As was the way with Bruce at the time, he was in a writing storm and cut a lot of demos – more than would make it to Nebraska. His manager was the first to hear them all, he got a cassette containing ‘Bye Bye Johnny’, ‘Starkweather’ (which would become the title cut), ‘Atlantic City’, ‘Mansion on the Hill’, ‘Born in the USA’, ‘Johnny 99’, ‘Downbound Train’, ‘Losin’ Kind’, ‘State Trooper’, ‘Used Cars’, ‘Wanda (Open All Night)’, ‘Child Bride’ (which would go on to become ‘Working On The Highway’), ‘Pink Cadillac’, ‘Highway Patrolman’ and ‘Reason To Believe’. Songs that he said “were so dark they concerned me on a friendship level”.

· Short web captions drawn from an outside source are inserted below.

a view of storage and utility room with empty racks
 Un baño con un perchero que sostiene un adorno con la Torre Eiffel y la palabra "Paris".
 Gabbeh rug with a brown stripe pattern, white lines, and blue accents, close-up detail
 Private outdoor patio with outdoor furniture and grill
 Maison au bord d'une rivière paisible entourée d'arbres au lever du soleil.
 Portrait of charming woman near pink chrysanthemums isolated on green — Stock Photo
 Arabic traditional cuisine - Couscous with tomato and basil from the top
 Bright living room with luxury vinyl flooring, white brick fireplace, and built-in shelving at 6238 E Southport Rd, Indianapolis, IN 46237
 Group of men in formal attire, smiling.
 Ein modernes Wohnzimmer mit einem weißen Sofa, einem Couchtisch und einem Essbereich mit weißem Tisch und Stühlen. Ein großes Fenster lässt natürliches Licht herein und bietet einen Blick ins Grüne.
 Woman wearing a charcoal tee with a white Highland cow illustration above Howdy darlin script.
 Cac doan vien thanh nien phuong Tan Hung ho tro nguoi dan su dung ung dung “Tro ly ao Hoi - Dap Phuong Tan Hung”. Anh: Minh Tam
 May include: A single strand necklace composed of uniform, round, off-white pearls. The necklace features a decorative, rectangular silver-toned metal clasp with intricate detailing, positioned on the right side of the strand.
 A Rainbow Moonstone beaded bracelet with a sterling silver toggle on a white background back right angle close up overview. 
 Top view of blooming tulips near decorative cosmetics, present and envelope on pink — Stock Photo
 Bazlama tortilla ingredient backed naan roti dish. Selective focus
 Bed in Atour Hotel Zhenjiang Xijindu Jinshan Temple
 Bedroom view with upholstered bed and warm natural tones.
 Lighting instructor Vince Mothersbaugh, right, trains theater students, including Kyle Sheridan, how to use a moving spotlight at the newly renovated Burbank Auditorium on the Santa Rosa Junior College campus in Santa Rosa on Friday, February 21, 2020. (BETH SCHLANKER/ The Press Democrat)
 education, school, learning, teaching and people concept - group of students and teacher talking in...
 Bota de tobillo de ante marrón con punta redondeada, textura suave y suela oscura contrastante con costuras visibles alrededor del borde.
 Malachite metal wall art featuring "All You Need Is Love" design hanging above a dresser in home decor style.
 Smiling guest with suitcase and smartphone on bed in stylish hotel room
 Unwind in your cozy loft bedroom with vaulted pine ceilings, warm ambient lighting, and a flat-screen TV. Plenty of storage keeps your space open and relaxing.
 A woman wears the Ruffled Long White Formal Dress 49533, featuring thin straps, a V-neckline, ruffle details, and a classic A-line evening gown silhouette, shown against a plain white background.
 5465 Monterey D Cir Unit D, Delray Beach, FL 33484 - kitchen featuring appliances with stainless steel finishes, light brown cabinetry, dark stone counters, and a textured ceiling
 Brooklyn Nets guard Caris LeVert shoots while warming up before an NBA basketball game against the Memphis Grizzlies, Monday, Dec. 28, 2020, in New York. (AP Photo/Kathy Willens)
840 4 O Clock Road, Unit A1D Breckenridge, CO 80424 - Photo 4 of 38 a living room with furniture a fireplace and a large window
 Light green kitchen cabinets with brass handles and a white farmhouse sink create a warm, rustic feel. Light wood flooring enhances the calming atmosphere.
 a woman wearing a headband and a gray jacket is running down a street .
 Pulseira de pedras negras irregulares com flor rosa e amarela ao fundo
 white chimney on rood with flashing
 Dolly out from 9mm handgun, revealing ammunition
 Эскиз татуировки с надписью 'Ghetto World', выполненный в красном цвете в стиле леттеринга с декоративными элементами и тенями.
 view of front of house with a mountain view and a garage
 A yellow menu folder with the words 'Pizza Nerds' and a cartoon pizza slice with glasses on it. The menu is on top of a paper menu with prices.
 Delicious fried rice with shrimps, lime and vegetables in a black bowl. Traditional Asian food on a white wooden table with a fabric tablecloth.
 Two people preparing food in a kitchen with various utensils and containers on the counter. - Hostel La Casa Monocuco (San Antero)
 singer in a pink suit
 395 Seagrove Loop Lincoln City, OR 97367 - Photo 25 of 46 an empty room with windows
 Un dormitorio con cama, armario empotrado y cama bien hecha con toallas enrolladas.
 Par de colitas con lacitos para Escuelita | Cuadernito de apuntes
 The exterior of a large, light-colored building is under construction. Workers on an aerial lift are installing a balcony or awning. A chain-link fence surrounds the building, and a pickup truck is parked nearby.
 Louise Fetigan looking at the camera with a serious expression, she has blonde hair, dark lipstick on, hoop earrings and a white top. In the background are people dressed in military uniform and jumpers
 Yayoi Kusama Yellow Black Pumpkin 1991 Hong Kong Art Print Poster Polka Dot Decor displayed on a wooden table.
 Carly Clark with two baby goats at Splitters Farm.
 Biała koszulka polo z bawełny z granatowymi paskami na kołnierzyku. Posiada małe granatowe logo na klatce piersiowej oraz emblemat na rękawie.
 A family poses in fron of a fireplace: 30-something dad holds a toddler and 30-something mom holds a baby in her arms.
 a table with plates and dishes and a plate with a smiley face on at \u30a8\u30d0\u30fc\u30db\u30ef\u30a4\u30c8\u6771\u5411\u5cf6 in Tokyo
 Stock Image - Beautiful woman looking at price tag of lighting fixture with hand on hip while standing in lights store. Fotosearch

While his manager wasn’t so sure, Springsteen was convinced he had the basics of his next album. But – as always – there was some time to spent before they’d be released. First he and Steven Van Zandt produced a second album for Gary U.S Bonds (for which Bruce wrote another seven songs) before trying to capture the songs with the E Street Band*. Legend has it that he walked around for weeks with the 4-track recordings on cassette in his back pocket as he tried, and failed, to capture versions of those songs that he was happy with. According to Steven Van Zandt it was he who intervened:

“I said to him, ‘Listen, I know this is a bit strange but I honestly think this is an album unto itself and I think you should release it.’ And he was like ‘What do you mean? It’s just demos for the band.’ And I’m like ‘I know you didn’t intended for this to be recorded but I just know greatness when I hear it, okay? It’s my thing, it’s why I’m a record producer and that’s why I’m your friend and I’m just telling you I think your fans will just love this and I think it’s actually an important piece of work. Because it captures this amazingly strange, weirdly cinematic kind of dreamlike mood. I don’t know what it is. All I know is I know greatness when I hear it and this is it, okay? And this deserves to be heard I think people will love it and I think it’s a unique opportunity to actually release something absurdly intimate.'”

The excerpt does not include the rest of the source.